Au début, ce n’est pas très agréable ou mélodieux. Comme si elle avait la voix rouillée ou la gorge sèche. Elle s’arrête quelques secondes, se racle la gorge et reprend. Doucement. Sa voix est presque un murmure, mais c’est déjà beaucoup plus mélodieux et agréable à entendre.
♪ Aquacord’Bridge is falling down, falling down, falling down ♪
Plus ça va, plus elle prend confiance et chante de plus en plus fort. On lui dit fréquemment qu'elle a une jolie voix. Elle aime bien fredonner quand elle fait à manger, alors, souvent, des amis de mes parents l'ont entendu chantonner et tous étaient d'accord : sa voix est magnifique. Elle serait "claire, cristalline, mélodieuse et arriverait à transmettre beaucoup d'émotions". Ils sont bien enthousiastes pour quelques notes fredonnées en touillant du riz dans une casserole. De nombreux amis lui ont même suggéré de s'inscrire à "Kalos à un incroyable talent". Elle aurait toutes ses chances de gagner selon eux. Même mon père pense que sa voix est exceptionnelle et la pousse à participer. Il dit que, même si elle ne gagnait pas, elle pourrait se faire repérer par une maison de disque et pourrait sortir un album. Elle pourrait devenir une star de la musique. Je pense que même si objectivement elle chante bien, il s'emballe un peu et prend ses rêves pour la réalité. De toute façon, à chaque fois que quelqu'un lui en parle, elle a dit qu'elle va y réfléchir, mais je pense pas qu'elle le fera. Elle aime chanter comme ça, quand elle cuisine, qu'elle est sous la douche ou quand elle doit calmer ou endormir Mathilde, mais c'est tout. Et puis, elle dit que plein de gens participent à l'émission avec le chant en talent. Ça n'a rien de très original, que sa voix n'est pas assez unique pour se démarquer.

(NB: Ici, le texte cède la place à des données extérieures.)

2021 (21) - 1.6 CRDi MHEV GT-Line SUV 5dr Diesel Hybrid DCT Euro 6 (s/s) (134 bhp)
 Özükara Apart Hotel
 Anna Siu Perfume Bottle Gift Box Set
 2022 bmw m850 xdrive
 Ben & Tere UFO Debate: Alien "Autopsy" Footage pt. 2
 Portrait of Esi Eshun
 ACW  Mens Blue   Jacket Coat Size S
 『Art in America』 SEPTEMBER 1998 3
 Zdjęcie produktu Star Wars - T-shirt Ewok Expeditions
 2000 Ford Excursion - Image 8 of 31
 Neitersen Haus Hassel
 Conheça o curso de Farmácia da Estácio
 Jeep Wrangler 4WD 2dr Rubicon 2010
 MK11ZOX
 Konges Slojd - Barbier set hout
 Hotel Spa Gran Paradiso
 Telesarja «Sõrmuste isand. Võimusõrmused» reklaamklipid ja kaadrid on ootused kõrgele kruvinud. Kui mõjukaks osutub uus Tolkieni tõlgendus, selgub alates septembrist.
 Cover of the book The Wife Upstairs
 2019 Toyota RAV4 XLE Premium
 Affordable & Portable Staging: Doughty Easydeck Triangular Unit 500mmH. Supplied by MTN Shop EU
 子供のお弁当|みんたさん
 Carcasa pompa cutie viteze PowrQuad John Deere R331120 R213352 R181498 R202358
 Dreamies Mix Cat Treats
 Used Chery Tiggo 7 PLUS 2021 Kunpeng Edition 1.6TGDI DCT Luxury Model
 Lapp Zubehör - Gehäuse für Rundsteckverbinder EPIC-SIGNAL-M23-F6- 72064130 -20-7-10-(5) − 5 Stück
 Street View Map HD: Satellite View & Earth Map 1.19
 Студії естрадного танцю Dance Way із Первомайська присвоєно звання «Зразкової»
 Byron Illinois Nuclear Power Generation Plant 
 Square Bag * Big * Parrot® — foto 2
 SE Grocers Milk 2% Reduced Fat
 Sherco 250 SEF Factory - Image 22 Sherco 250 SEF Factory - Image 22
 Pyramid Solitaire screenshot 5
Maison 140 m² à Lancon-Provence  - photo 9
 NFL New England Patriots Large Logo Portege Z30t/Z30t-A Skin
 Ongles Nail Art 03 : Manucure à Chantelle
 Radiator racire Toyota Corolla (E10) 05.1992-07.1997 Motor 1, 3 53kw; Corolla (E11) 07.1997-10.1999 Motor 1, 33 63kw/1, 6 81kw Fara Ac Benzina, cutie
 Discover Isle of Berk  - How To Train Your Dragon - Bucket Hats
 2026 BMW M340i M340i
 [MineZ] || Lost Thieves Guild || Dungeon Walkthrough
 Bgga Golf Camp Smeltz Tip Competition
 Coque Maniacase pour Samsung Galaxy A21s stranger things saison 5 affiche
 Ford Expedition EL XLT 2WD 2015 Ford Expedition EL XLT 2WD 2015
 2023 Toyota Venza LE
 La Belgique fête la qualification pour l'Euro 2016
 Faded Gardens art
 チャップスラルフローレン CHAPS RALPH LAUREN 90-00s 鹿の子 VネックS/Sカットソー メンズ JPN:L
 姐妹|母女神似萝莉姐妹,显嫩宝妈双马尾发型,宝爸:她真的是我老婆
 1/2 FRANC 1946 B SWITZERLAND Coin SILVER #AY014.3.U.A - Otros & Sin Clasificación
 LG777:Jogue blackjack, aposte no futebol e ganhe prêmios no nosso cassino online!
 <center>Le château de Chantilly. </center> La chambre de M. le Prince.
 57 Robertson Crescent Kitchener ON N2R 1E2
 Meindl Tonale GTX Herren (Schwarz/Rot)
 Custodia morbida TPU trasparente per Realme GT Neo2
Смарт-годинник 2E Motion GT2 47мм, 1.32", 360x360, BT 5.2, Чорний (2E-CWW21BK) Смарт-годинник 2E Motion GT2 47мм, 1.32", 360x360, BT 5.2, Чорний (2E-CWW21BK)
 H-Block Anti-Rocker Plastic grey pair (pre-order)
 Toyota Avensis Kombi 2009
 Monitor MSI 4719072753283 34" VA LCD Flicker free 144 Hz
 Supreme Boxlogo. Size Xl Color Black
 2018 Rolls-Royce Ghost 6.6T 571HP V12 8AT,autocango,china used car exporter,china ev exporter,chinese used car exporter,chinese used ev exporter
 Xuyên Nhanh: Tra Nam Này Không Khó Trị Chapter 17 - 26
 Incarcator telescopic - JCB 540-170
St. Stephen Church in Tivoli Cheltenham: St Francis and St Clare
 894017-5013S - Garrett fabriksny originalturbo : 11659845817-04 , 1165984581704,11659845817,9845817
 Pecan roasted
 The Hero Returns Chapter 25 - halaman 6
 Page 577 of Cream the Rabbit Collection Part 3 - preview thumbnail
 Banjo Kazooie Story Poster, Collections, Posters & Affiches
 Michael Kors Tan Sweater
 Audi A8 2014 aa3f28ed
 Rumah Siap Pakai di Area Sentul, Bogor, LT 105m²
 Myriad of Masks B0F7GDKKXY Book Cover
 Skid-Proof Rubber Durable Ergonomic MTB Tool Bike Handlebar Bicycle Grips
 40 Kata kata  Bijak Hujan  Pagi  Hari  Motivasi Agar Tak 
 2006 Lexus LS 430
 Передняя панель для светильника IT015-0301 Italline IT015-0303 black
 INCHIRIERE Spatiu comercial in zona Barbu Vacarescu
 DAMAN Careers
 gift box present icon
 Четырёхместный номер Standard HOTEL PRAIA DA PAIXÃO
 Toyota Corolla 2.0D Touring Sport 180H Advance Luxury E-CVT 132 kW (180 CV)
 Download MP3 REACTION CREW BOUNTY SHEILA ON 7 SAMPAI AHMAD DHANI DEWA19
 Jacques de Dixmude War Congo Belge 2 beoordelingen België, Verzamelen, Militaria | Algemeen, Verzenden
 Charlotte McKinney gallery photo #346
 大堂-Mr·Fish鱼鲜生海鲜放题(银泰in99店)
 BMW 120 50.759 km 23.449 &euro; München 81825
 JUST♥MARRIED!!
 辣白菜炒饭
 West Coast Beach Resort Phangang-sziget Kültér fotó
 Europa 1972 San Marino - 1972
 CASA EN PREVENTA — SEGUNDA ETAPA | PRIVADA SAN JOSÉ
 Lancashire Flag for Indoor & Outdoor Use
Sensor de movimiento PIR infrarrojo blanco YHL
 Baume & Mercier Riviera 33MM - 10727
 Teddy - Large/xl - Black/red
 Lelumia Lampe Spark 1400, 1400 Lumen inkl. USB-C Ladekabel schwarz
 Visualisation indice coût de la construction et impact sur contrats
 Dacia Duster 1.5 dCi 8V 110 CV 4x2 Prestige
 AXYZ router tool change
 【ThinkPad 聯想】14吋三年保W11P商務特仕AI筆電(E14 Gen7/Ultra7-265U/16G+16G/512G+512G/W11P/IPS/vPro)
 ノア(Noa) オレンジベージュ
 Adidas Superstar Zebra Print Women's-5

Moi, perso, j'aime pas trop sa voix quand elle chantonne. C'est trop doux, trop calme. Je sais, c'est étrange pour un gamin de mon âge de pas aimer que sa mère lui chante une chanson, mais bon. Je préfère quand la musique est moins douce, plus énergique. Comme les coups de tonnerre et la pluie de tout à l'heure. C'était plus fort, ça me procurait plus d'émotions. Et ça m'apaisait. Contrairement à tout ce que ma mère peut produire. Bon, après, les chansons de ma mère ne sont pas non plus désagréables au point que je les déteste. Juste, elles me laissent totalement indifférent. Je ne lui ai jamais dit, mais je pense qu'elle s'en doute, parce qu'avant, elle venait souvent me chanter des chansons le soir, pour m'endormir. Maintenant non. Alors, elle doit bien se douter de quelque chose. Ou alors, c'est parce que je grandis.
♪ Aquacord’Bridge is falling down, my fair lady ♪
La fin de la chanson. Et Mathilde s’est endormie. Ma mère la dépose dans son lit à barreaux pendant que moi, je retourne dans ma chambre. Je vais me coucher, mais je n’arrive pas à dormir, alors je me relève et récupère mon petit lecteur de musique. Je sélectionne le fichier des bruits d’orage. Je mets mon casque sur mes oreilles et m’endors rapidement, au son des coups de tonnerre et de la pluie battante.